TASK TO CARRY OUT ▸
Take the lines below from the one with "Load image into" through the one with "Julianne Moore míří" and retype them exactly. Include nothing else, and no pictures.

EXERCISE MATERIALS ▸
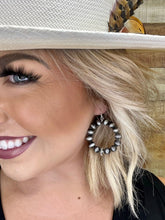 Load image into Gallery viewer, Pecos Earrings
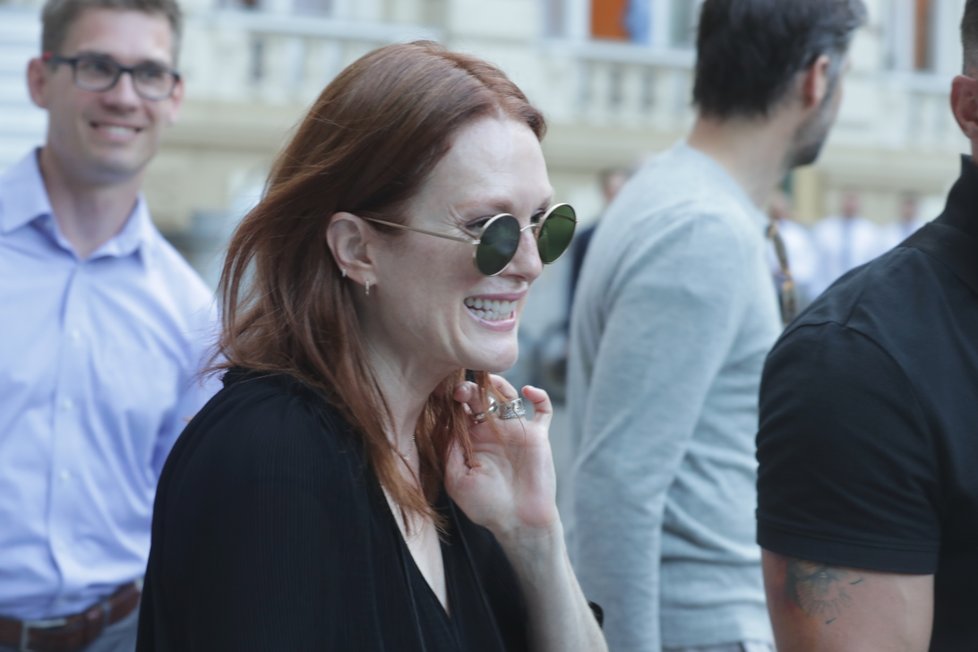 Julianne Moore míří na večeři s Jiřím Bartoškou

--

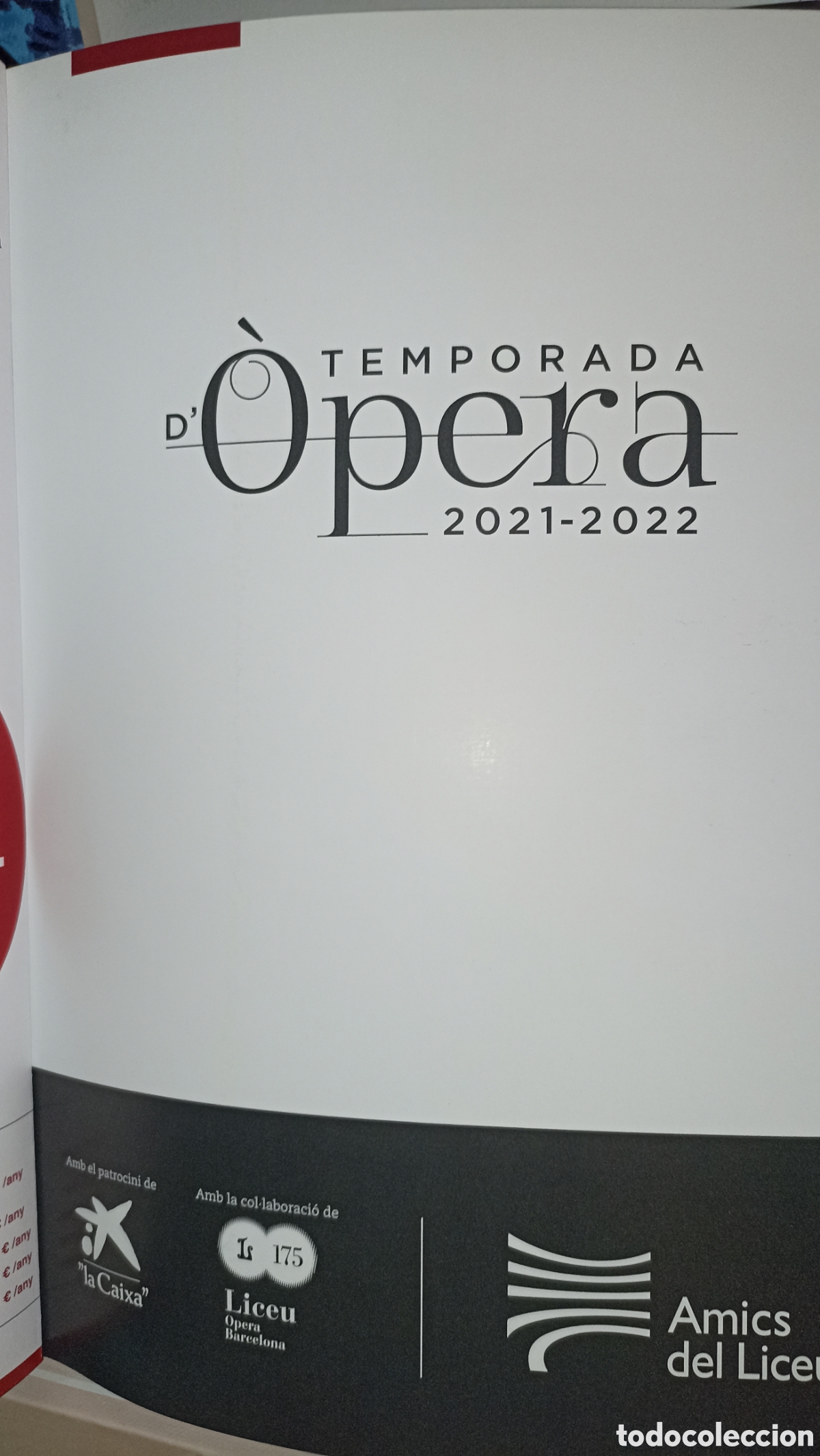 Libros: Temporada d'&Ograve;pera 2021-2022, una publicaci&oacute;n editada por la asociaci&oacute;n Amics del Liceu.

OUTPUT OF THE EXERCISE ▸
 Load image into Gallery viewer, Pecos Earrings
 Julianne Moore míří na večeři s Jiřím Bartoškou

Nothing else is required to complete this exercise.